A China aumentou suas importações de petróleo nos dois primeiros meses de 2026, registrando crescimento de 15,8% ante o mesmo período de 2025. O dado foi divulgado pela Administração Geral de Alfândegas da China em 10 de março e ocorre em meio a uma demanda doméstica debilitada.
O universo de estoque de petróleo do país, estimado entre 1,1 bilhão e 1,3 bilhão de barris por análises independentes, reforça a estratégia de manter reservas para antever choques no mercado global. O valor exato permanece sigiloso segundo fontes oficiais.
A ofensiva liderada por Estados Unidos e Israel, iniciada em 28 de fevereiro, bloqueou o estreito de Ormuz, uma rota crucial de petróleo. O movimento provocou alta rápida dos preços globais e elevou a pressão sobre economias dependentes dessa rota.
Contexto internacional
Especialistas apontam que a demanda chinesa por petróleo atingiu picos em 2023, mas o país manteve o ritmo de abastecimento para constituir seu parque de estoques.
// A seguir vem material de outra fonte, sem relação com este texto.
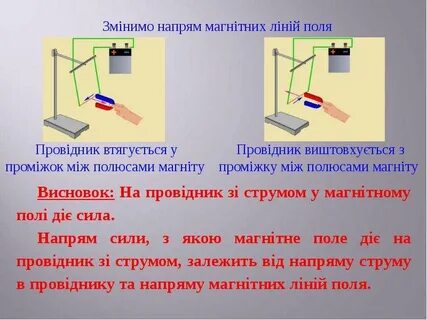 Три ампера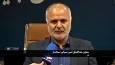 اعلام برنامه های هفته دولت در چهارمحال و بختیاری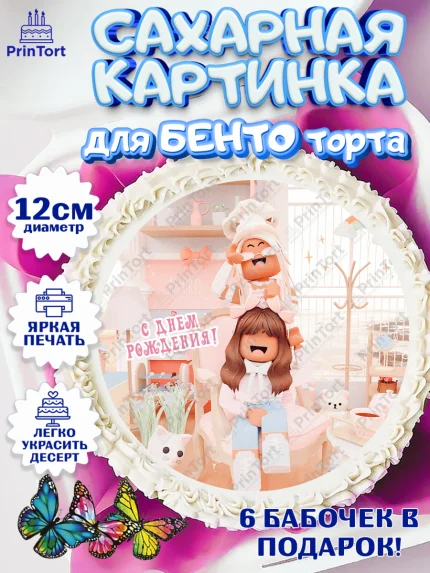 Сахарные круги 12см PT05, Роблокс, Девочка, 9 лет, День рождения, арт. PT0509072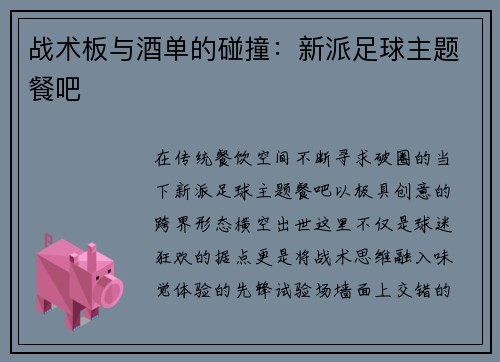 战术板与酒单的碰撞：新派足球主题餐吧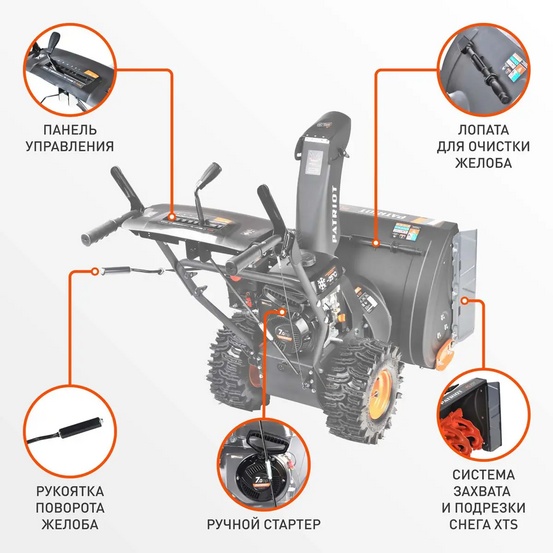 Снегоуборщик бензиновый самоходный Patriot PS 707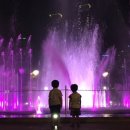 센트럴파크(음악분수) 네이버블로그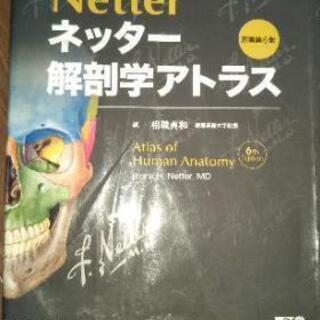 ネッター解剖学アトラスの本3000円で売ります。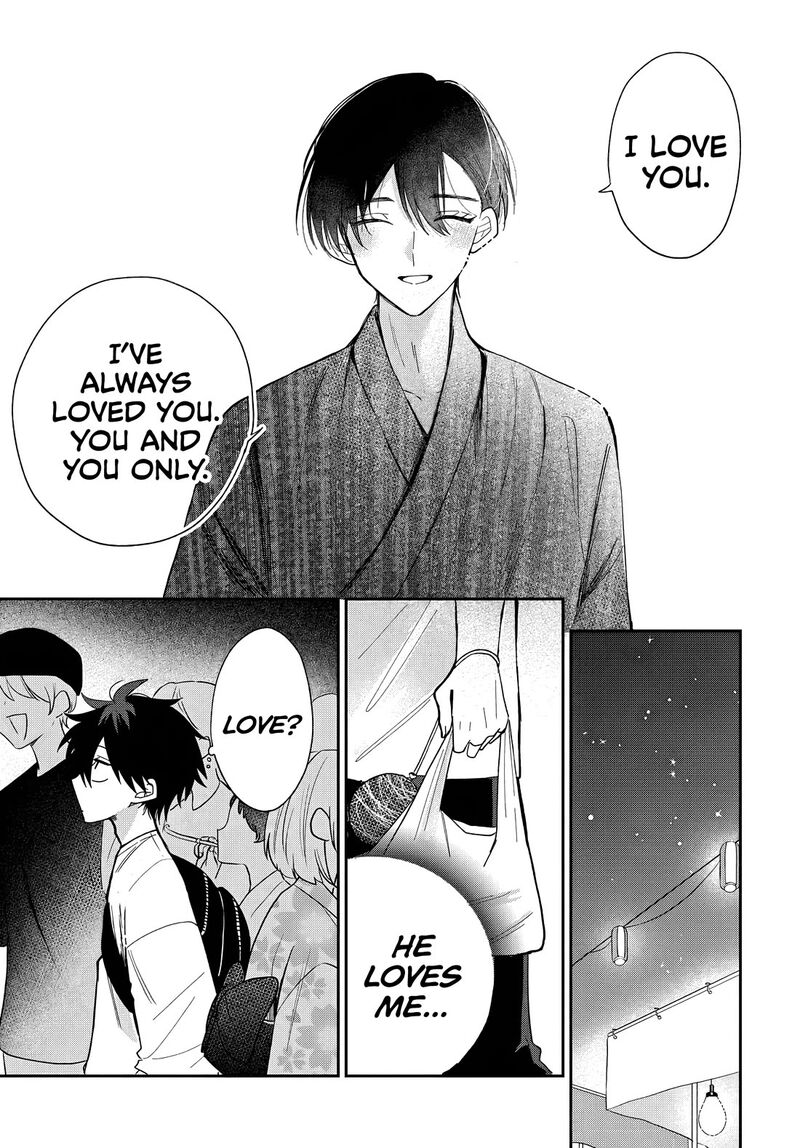 Osoraku Kanojo Wa Ore No Aniki O Neratteru Chapter 24z Page 5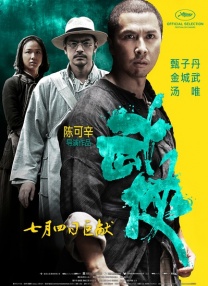 99热精品久久只有精品30
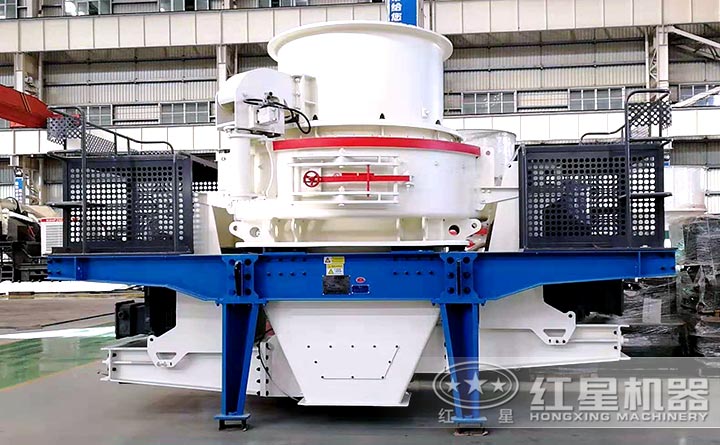 HVI 0815制砂、整形機(jī)設(shè)備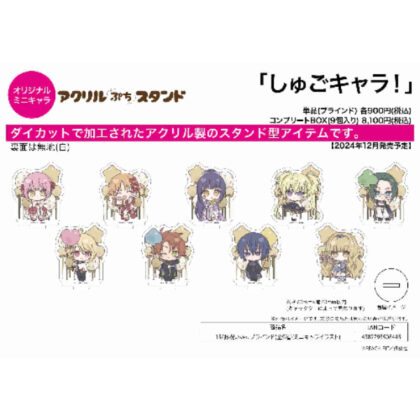 Acrylic Petit Stand Shugo Chara! 15 Celebration Ver. (Mini Character Illustration) (アクリルぷちスタンド しゅごキャラ! 15 お祝いVer.(ミニキャライラスト))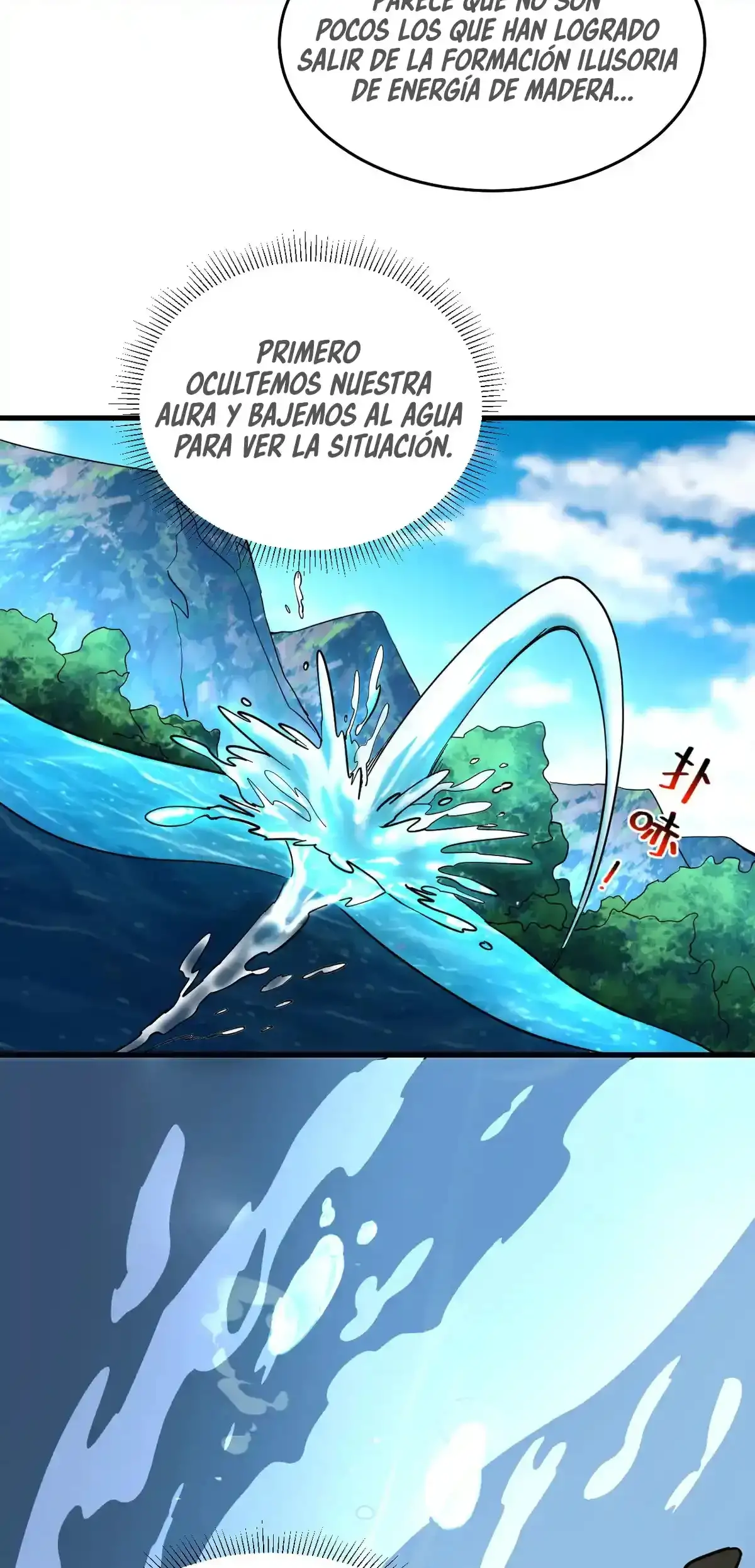 ¡Mientras mis discipulos se matan entrenando, yo me relajo! - Capítulo 107 - Página 14 - LectorTMOo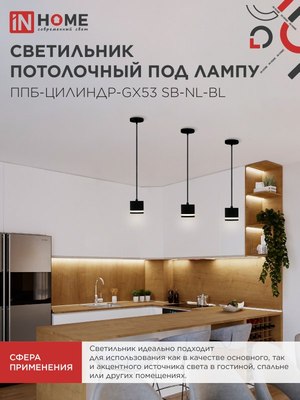 Потолочный светильник INhome ППБ-Цилиндр-GX53 SB-NL-BL / 4690612056654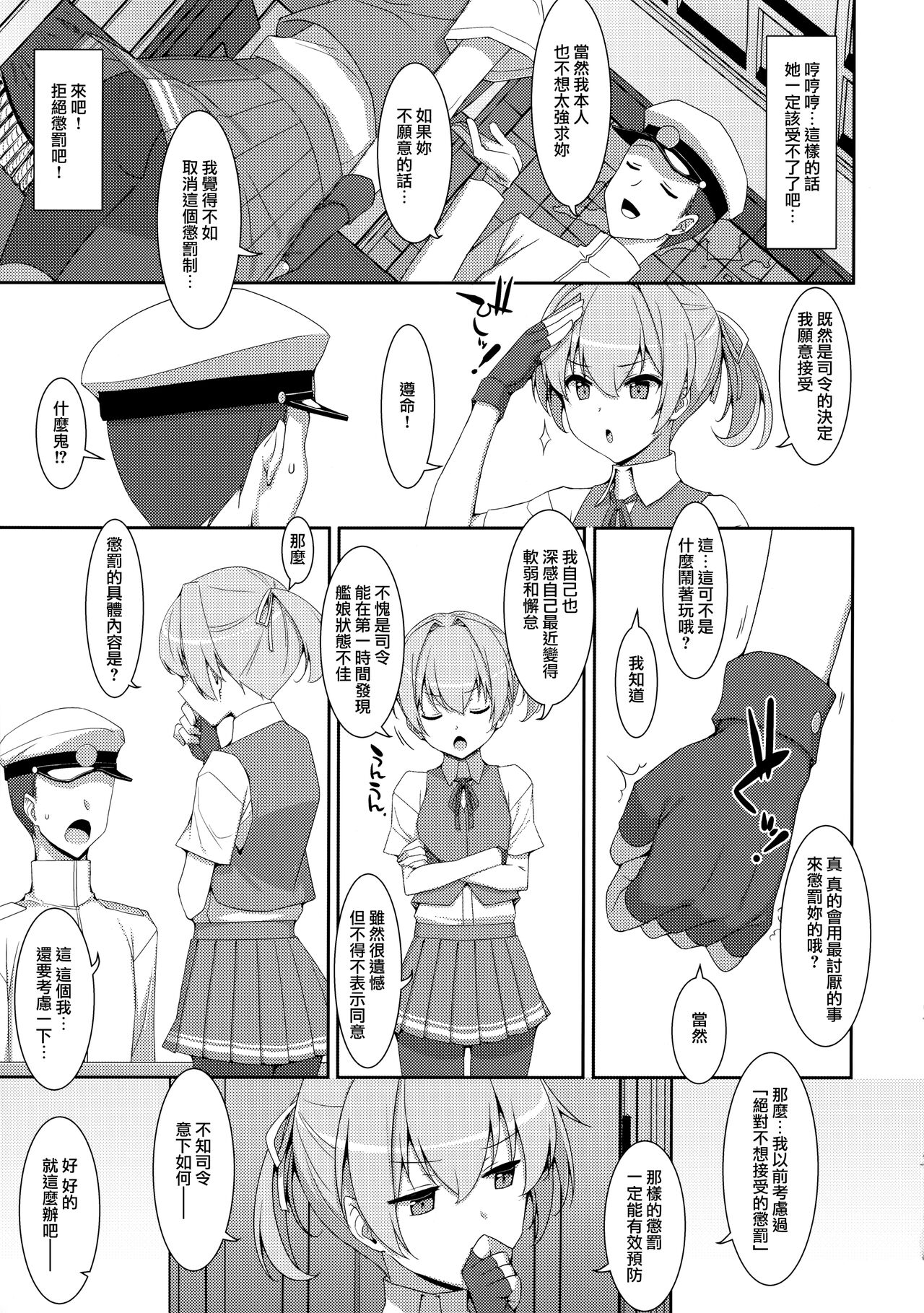 (C99) [TIES (タケイオーキ)] 不知火こわい。 (艦隊これくしょん -艦これ-) [中国翻訳]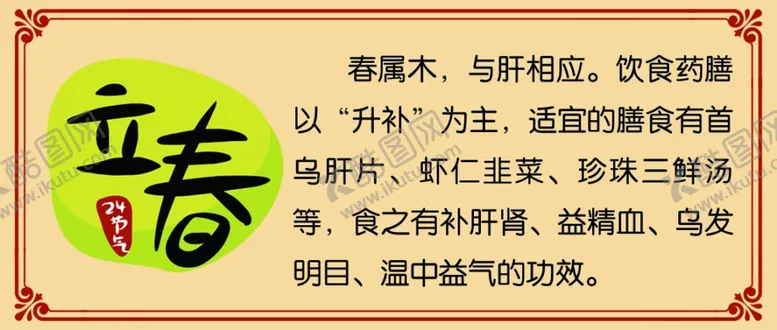 编号：26536602260029463724【酷图网】源文件下载-24节气养生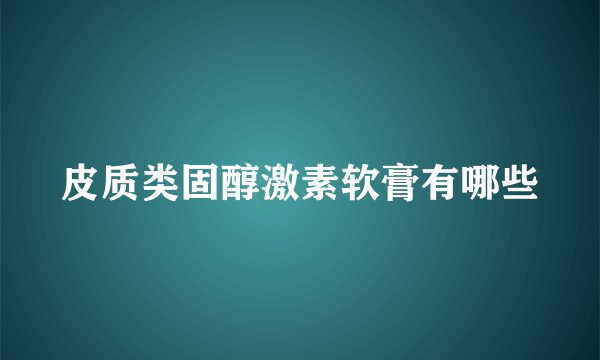 皮质类固醇激素软膏有哪些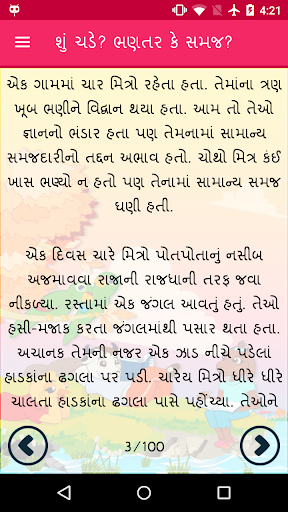 100 Gujarati Kids Stories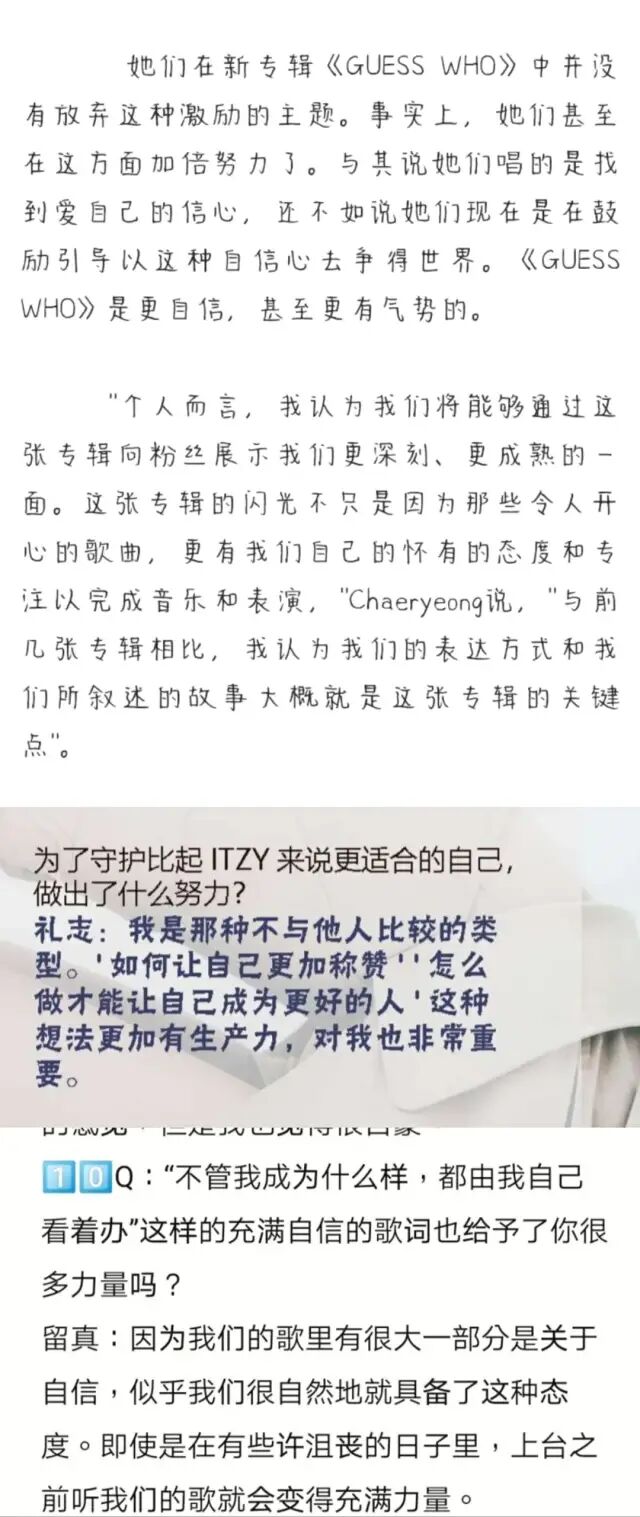 翻车还是真香了 自由微信 Freewechat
O monitoramento do Instituto de Oxford para Estudos de Energia estima 1,1–1,3 bilhão de barris no volume chinês, com variações entre 1,1 e 1,4 bilhão.
A depender de cenários de ruptura, a China conseguiria manter o suprimento por cerca de 120 dias se interrompesse as importações. Outros grandes consumidores, como Índia e Japão, também ajustam estratégias de estoque diante do conflito no Golfo Pérsico.
Repercussões regionais
A Índia, que importa cerca de 80% de sua demanda, enfrenta uma vulnerabilidade maior, com metade do abastecimento vindo do Oriente Médio. O país tem recorrido a aquisições de petróleo russo, que registraram aumento de cerca de 50% em março frente a fevereiro.
Japão e Coreia do Sul já anunciaram ações para conter a instabilidade. O Japão liberou para o mercado 80 milhões de barris na semana passada, enquanto a Coreia do Sul liberou 22 milhões de barris do seu estoque para consumo interno.